The Commissioner for Data Protection and Freedom of Information in the German state of Hesse has warned that the use of Office 365 and Windows 10 in local schools was illegal under the European Union’s stringent GDPR rules. According to commissioner Michael Ronellenfitsch, the software exposes personal user data “to possible access by US officials”. As for Windows 10, the commissioner cited a German Federal Office for Information Security (BSI) report, which claimed that the OS sends “a wealth of telemetry data to Microsoft”.
The development comes after Microsoft recently started sending back data from German users to its US servers instead of storing and processing them locally, as it had been doing earlier. While Microsoft’s earlier actions complied with local data protection laws, the recent decision to migrate the service back to US data centers is what’s believed to have brought about the latest advisory.
The concerns expressed by the commissioner, however, isn’t limited to Office 365. According to Ronellenfitsch, “What is true for Microsoft is also true for the Google and Apple cloud solutions. The cloud solutions of these providers have so far not been transparent and comprehensibly set out.
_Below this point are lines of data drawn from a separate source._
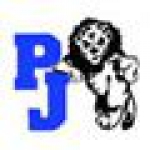 Pope John High School logo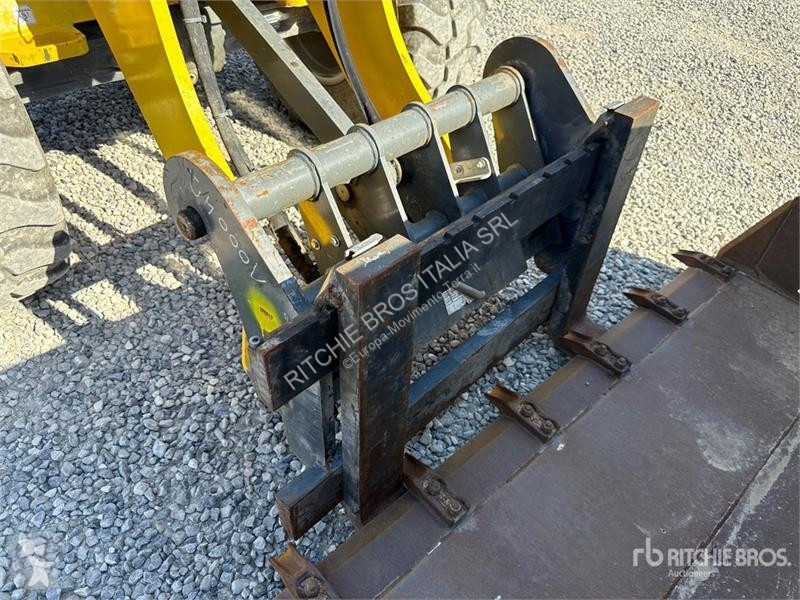 Shovel Wacker Neuson WL70 Stage V K Wheel Loader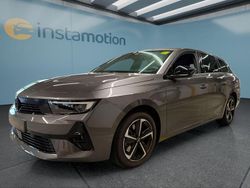 Grau Gebraucht 2024 Opel Astra Kombi | 26.549 € (Fairer Preis)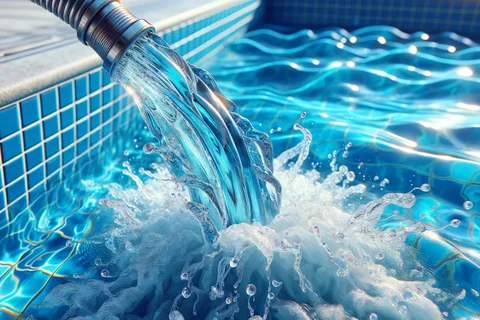 La comisión de sequía autoriza el llenado de piscinas privadas en la Axarquía desde el 1 de junio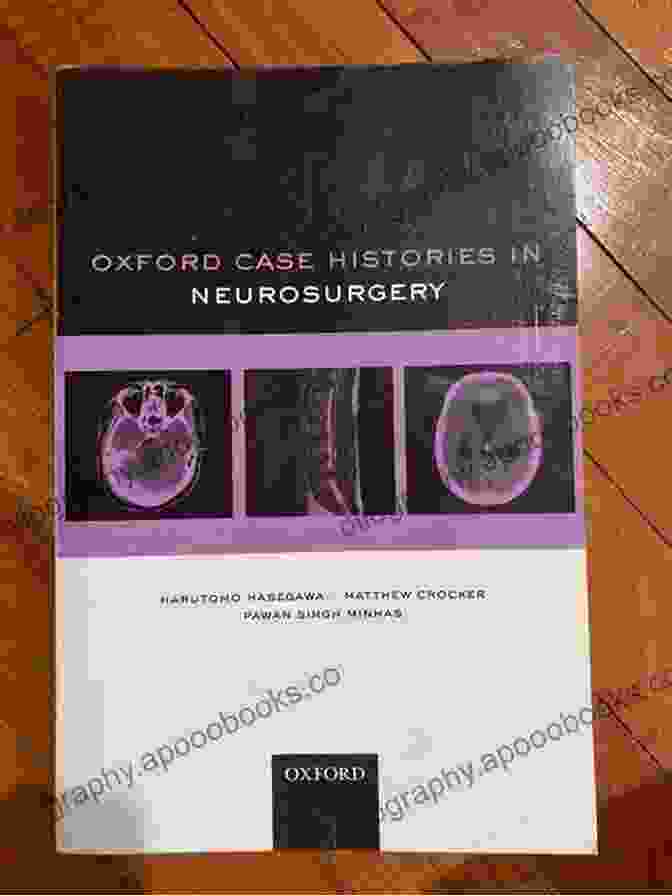 Oxford Case Histories In Neurosurgery Book Cover Oxford Case Histories In Neurosurgery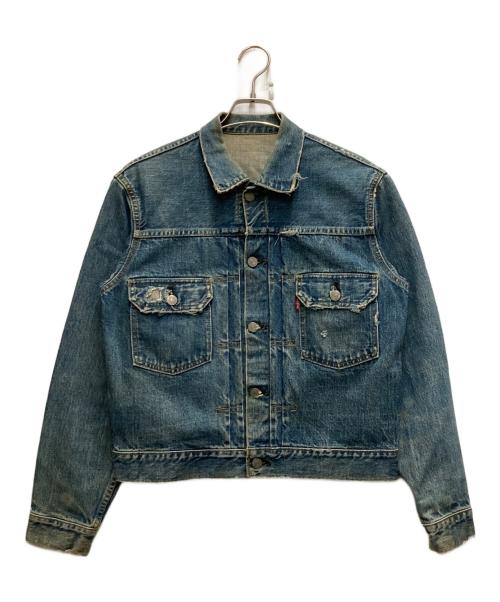 LEVI'S（リーバイス）LEVI'S (リーバイス) 90's 71507XX 2ndデニムジャケット ブルー サイズ:不明の古着・服飾アイテム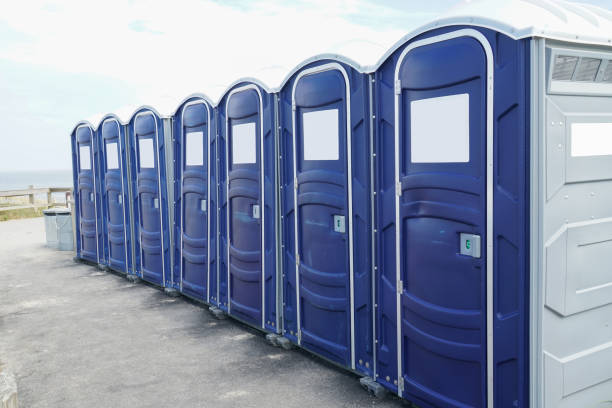 Types of Portable Toilets We Offer in West Bountiful, UT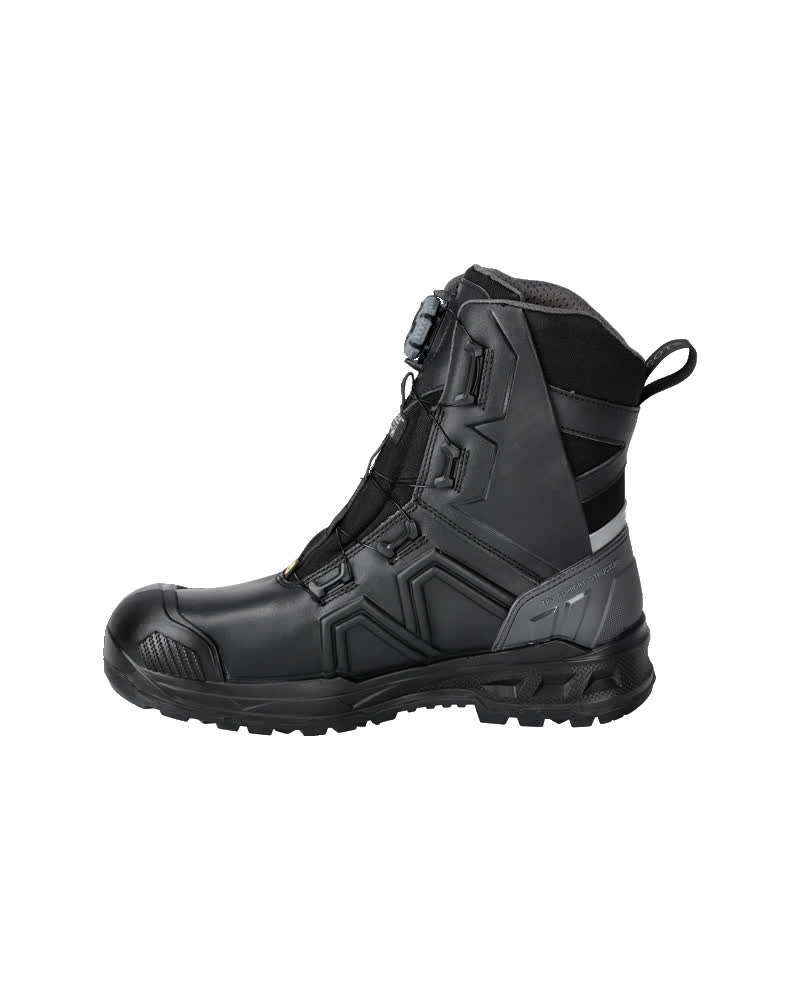 Sicherheitsstiefel FOOTWEAR INDUSTRY Schwarz 1150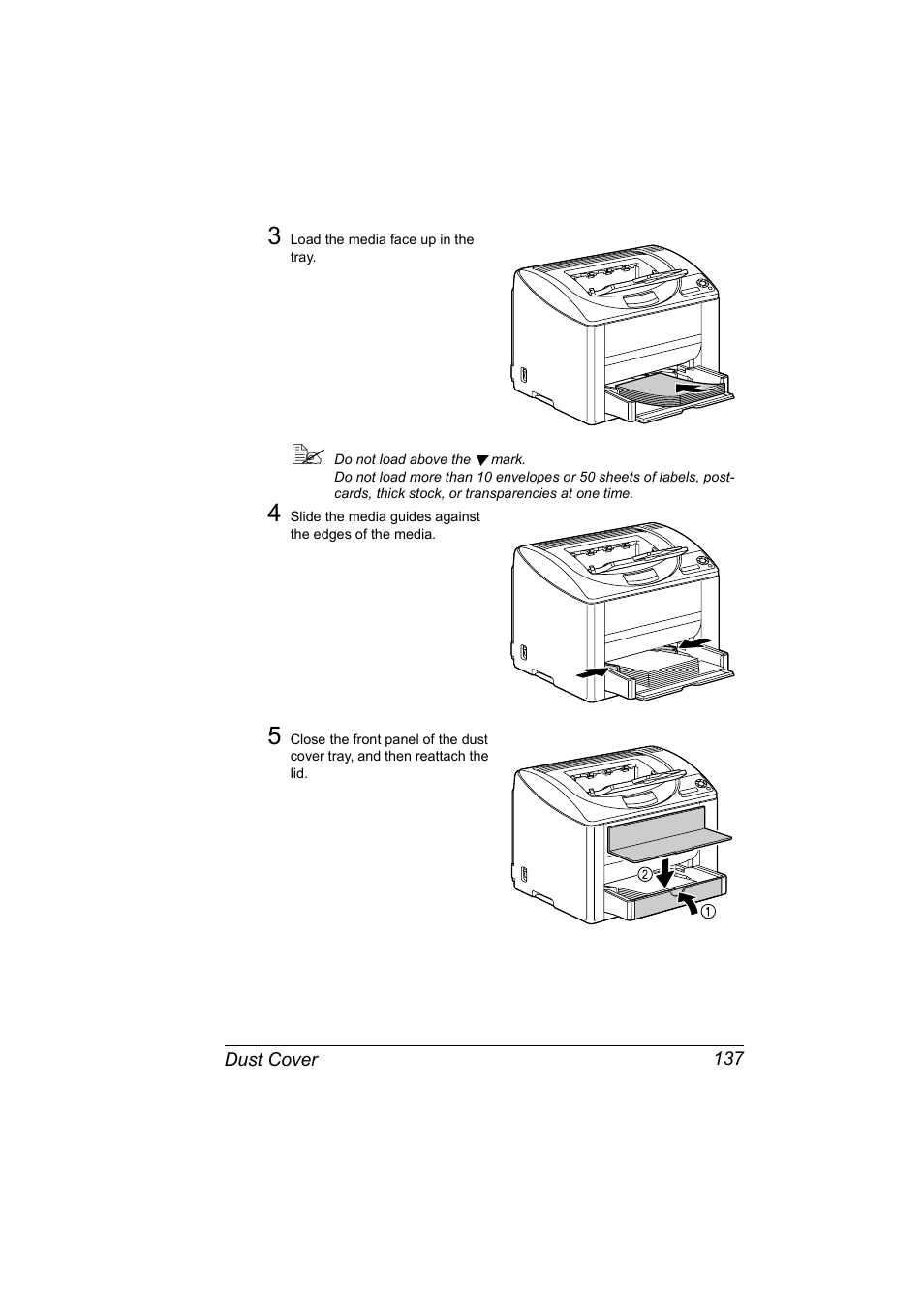 Konica Minolta magicolor 2530 DL User Manual | Page 145 / 154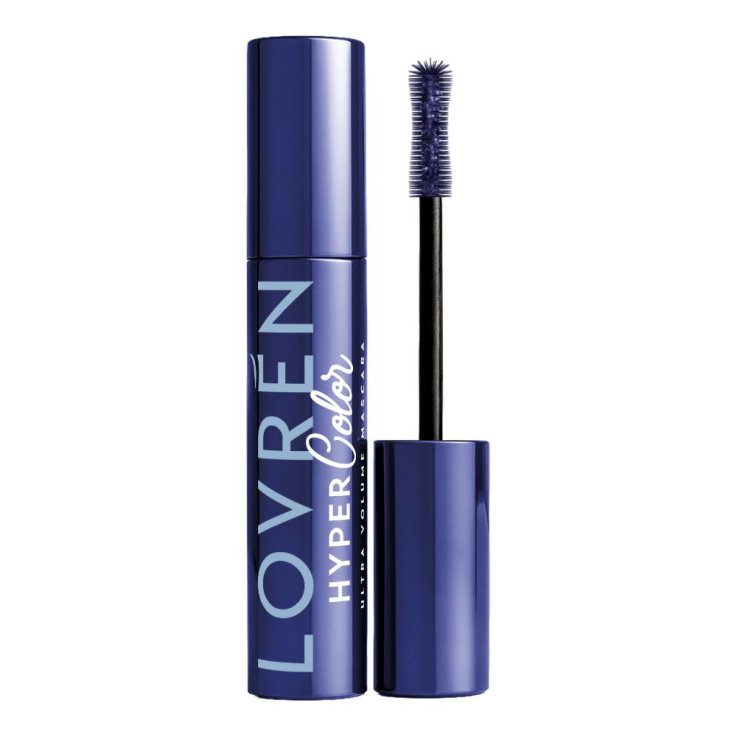 LOVREN HC ULTRA MASCARA BLUE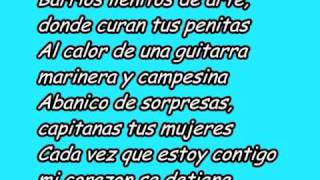 Manuel carrasco - dejame que sea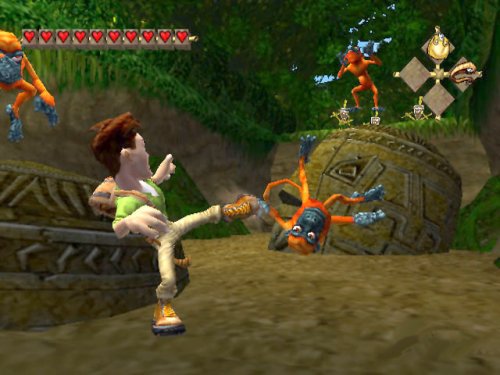 Pitfall: The Lost Expedition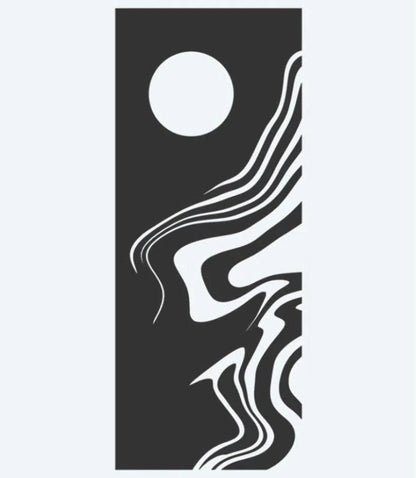 Lune & Vagues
Therefore, it is also true that for schools, the privacy-compliant use is currently not possible”.
It will be interesting to see how Microsoft handles the issue, because as long as the impasse continues, the schools caught up in the crossfire will not be able to use either of the aforementioned software, but instead, will have to make do with “other tools such as on-premise licenses on local systems”, which likely includes Office 2016 and the decade-old Windows 7.